Material provided below:
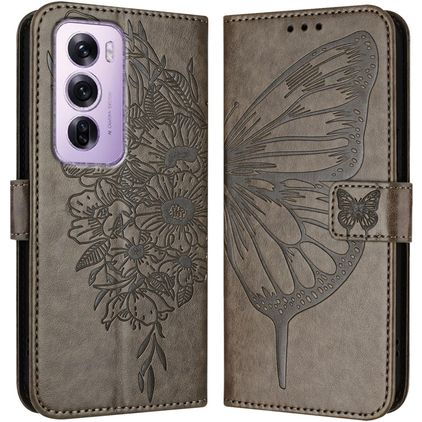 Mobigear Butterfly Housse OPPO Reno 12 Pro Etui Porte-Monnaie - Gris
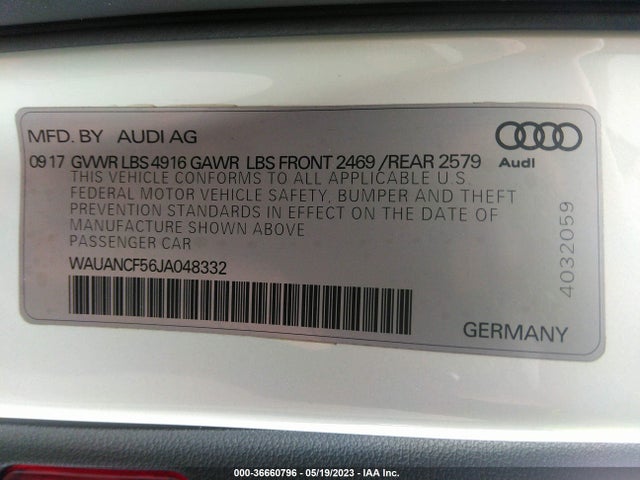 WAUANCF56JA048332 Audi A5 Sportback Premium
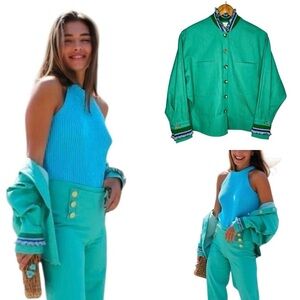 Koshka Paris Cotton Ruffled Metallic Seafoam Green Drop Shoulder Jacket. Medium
End of Material provided.
§ About this task
What you return should match the material line for line, with the images removed.

§ Answer area
 Mobigear Butterfly Housse OPPO Reno 12 Pro Etui Porte-Monnaie - Gris
 WAUANCF56JA048332 Audi A5 Sportback Premium
 Koshka Paris Cotton Ruffled Metallic Seafoam Green Drop Shoulder Jacket. Medium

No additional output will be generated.